What do you think about Bellwether League Inc.’s mission and philosophy and how do you feel about becoming an Honoree?
I am overwhelmed to be honored by an organization that promotes integrity and excellence in our profession while encouraging the next generation of leaders who can elevate supply chain’s contributions and build effective healthcare across the world.
What attracted and motivated you to join the healthcare supply chain management field when you did?
I confess that my entry into hospital materials management, as it was known way back then, was completely by accident. After my husband and I were married, he still had a year to complete his master’s degree at UC Berkeley. I needed a job and responded to an ad for a “storeroom supervisor” at Alta Bates Hospital in Berkeley. So it was the luckiest accident of my life!
For what one contribution would you like to be most remembered?
I hope to be remembered by people who worked with me as a mentor who encouraged everyone to keep sharpening their abilities and to openly debate issues from varying perspectives so we could develop the best solution. I also hope that I have imparted the need for integrity and persistence in doing what is right for the organization and society.
If you were to encourage people – either outside of healthcare or just out of school – to enter healthcare supply chain management and strive to be a future Bellwether League Inc. Honoree, what would you tell them?
I would emphasize that despite being in healthcare supply chain for over 40 years, I have learned something new every single work day. In order to be successful, the supply chain professional must be grounded in sound financial and analytical skills and be able to build relationships at all levels of the organization. In order to excel in an environment that changes rapidly due to technological innovation and regulatory mandates, you need to be able to make decisions on “enough” information instead of exhaustive research and second-guessing. Then you need to be able to admit it if you were wrong and move on.
What is the one industry challenge you would like to see solved during your lifetime?
I would be elated if the competing incentives of different U.S. healthcare stakeholders were removed so that we could all focus on providing effective patient care across our communities.
How important is effective and innovative supply chain management during tough economic times?
Of course, supply chain management rises in importance during times that forces us to do more with less. And, generally, it is easier for the supply chain manager to gain support for change and efficiency during stressful times. However, it is just as important to establish a strong foundation when times are good. Intelligent, evidence-based decisions are always important.

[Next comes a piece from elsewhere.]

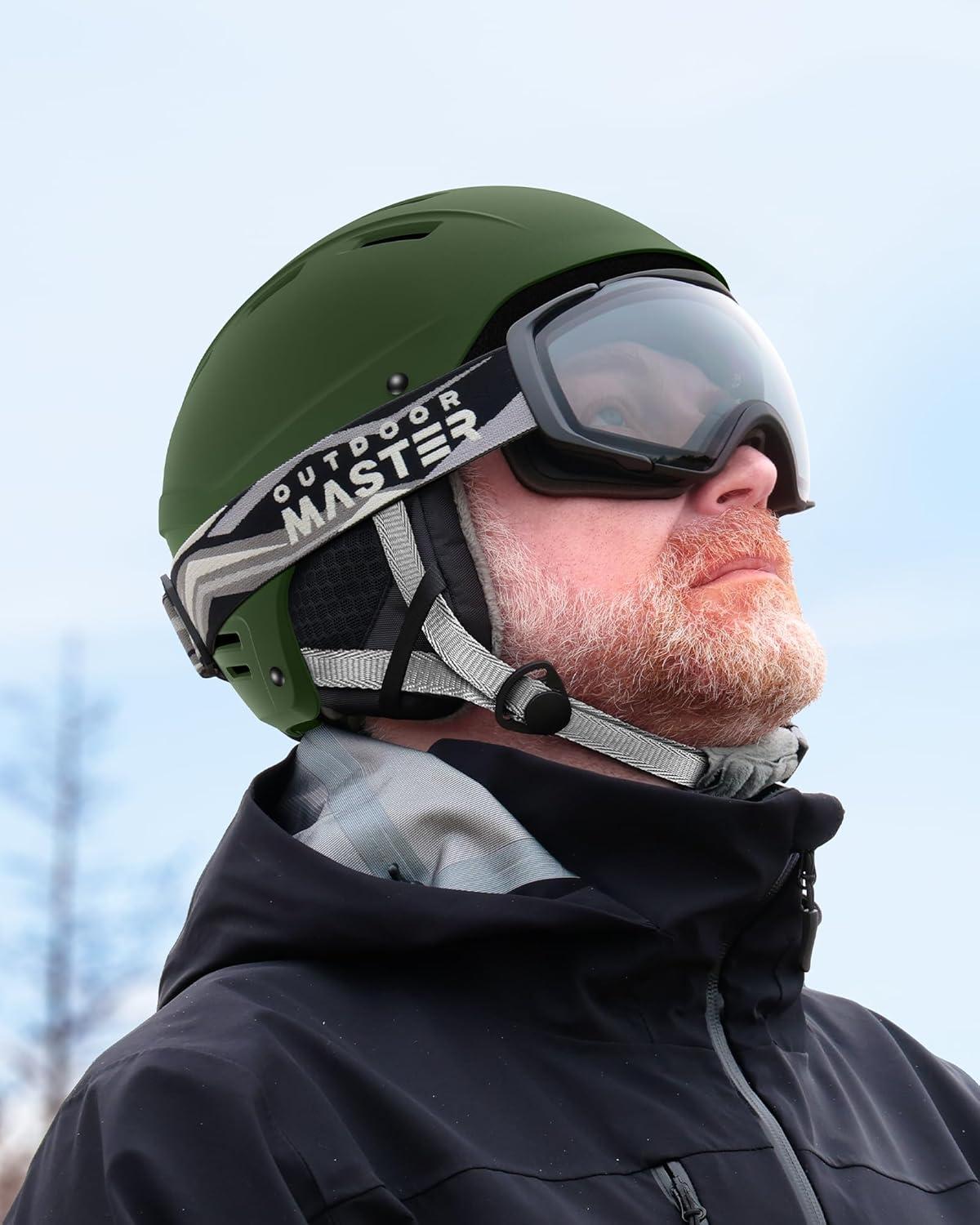 imageOutdoorMaster Kelvin II Ski Helmet Snow Sport Helmet Snowboard Helmet for Men Women ampamp YouthMatte Green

We cannot be lazy when the economy is sound. If we want to maintain fiscal health, we have to keep setting the bar higher.
In two sentences or less, what defines healthcare supply chain leadership?
Healthcare supply chain leadership is inspiring excellence and demanding integrity throughout the organization.
If you traveled back in time to when you just started in healthcare what would you tell yourself?
I would say that I was fortunate to land in the right profession because it provides the environment to rise to meet continuing challenges, enhance critical thinking skills and help society.